Sometimes that is about avoiding offence with a name that might have an unintended meaning in a specific language or geography.
Other times it is all about making sure that the company doesn’t encounter any legal issues, e.g. using a name that has already been registered or trademarked.
But other times the manufacturer has simply done their research (or at least their marketing team claims to have done their research) that indicates using a different name will improve the likelihood of sales success and popularity in a given market. There are all manner of reasons why a particular name might sound better in one country than the regular name of a car, and it all works towards the goal of selling more units!
Conclusion – Why Are Cars Called Different Names In Different Countries?
There are a variety of reasons why the same car might be sold in one country with a different name to the next (remember, this is different to ‘badge engineering’ which is more about one manufacturer using another’s car to fill a gap in their lineup).
The most common reasons are language and cultural sensitivity issues. Nobody wants to sell a car that might cause offence in a local market, with the Mitsubishi Pajero/Montero being perhaps the best example of this.
Legal concern is another reason why a car might be sold under a different name in a different country. For example, Suzuki selling the Splash as the Ritz in India due to Ford having prior registration on the name.
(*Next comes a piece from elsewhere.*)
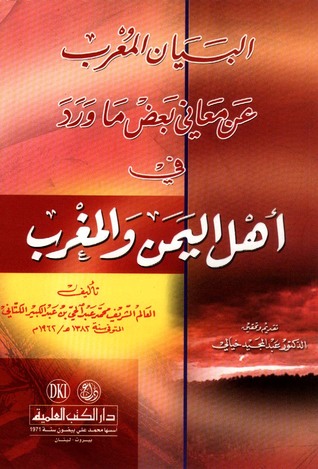 البيان المعرب عن معاني بعض ما ورد في أهل اليمن والمغرب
When you break it down, the most fundamental reason why a car is called a different name in a different country is to improve the chances of sales success. Manufacturers invest massive amounts of time, effort and money into developing and releasing cars. The last thing they want is a flop, so if anything during the development process indicates that a name change is the best way to go to, then you had best believe that the manufacturer will look to use the name that is going to make the most sales possible.